直到辛木筷頭在桌面輕輕一點,辛喬回過神。
“老姐,你是不是走神啦”
“呃”
辛木哼唧一聲“跟你真的很難聊起來。”又埋頭扒飯。
辛喬把一片萵筍夾到她碗里“好吃嗎”
辛木故意做出“吃人嘴短”的可憐臉,氣勢弱下來“很好吃。”
辛喬勾著唇角笑。
她下班、買菜、做飯,看上去跟做任何一份職業的普通人沒什么兩樣。誰會知道她剛剛經歷過一場生死考驗呢,欲跟她搶萵筍的阿姨不會,辛木也不會。
她有一些些喜歡把自己的秘密藏起來。也有一些些驕傲把自己的秘密藏起來。
跟辛喬分開,在周琨鈺眼里好似不算什么大事。
她知道自己對辛喬生出了些特別感覺,這樣的感覺,她
以前也經歷過一次。就像那次一樣,她在自己明確心動以前,劃了條明晰的禁止線。她覺得自己處理得不錯。
直到某天游泳。
她的游泳卡是在某五星級酒店辦的。這里人少,恒溫而舒適,適合勞碌的工作后前來放松。
今天幸運,泳池里除了她,再無他人。
事實上若打個俯視鏡頭往下看,水面一片平靜,連她的身影也看不到。
她潛于水下。
她很擅于憋氣,從小她便發現,她憋氣的功夫比別人更好。這大概是因為,她格外擅長忍耐。

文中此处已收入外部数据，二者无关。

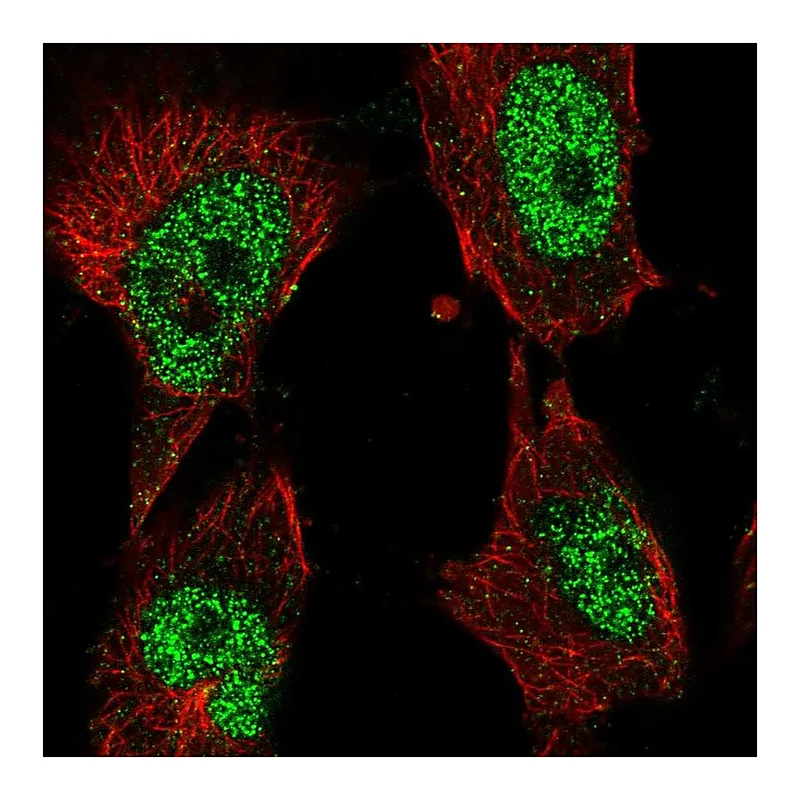 Atlas Antibodies Anti-POLK Antibody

她向來對自己都狠,直到肺都開始微微發痛的地步,心臟一收一縮,她才忽地躍出水面,胸口起伏不定,眸光倏然一凝。
代珉萱站在泳池邊,默默看著她。
周琨鈺勻勻呼吸,笑著打聲招呼“阿姐,什么時候來的”
代珉萱輕聲答“不久。”
周琨鈺拉著扶手上岸,擦過她身邊,巧妙的留開一段距離,很快把浴巾披在身上“那你慢慢游,我差不多了,我先走。”
代珉萱望著她背影,忽然喚住她“阿鈺。”
周琨鈺回眸。
代珉萱很輕的蜷了下自己的指尖。
周琨鈺注意到了。代珉萱有話想說,但她不開口,于是周琨鈺揚著唇,自己揀個話題“聽說,阿姐昨晚陪大哥出去應酬了。你們相處得怎么樣”
代珉萱不答,往周琨鈺的眼底看。
然而對視一陣,到底是她率先移開了目光。
她垂眸望著恢復平靜的泳池,就像周琨鈺那張毫無波瀾的面孔。
以前周琨鈺不是這樣的。
以前她倆一同念書,偶爾周琨鈺會放下筆嘆口氣,趿著拖鞋仰躺到床上,微蹙著眉揉自己的太陽穴“阿姐。”微微抱怨的語調“好累啊。”
從什么時候開始,周琨鈺在面對她時,也和面對其他人一樣,只剩一張無暇的笑顏了呢。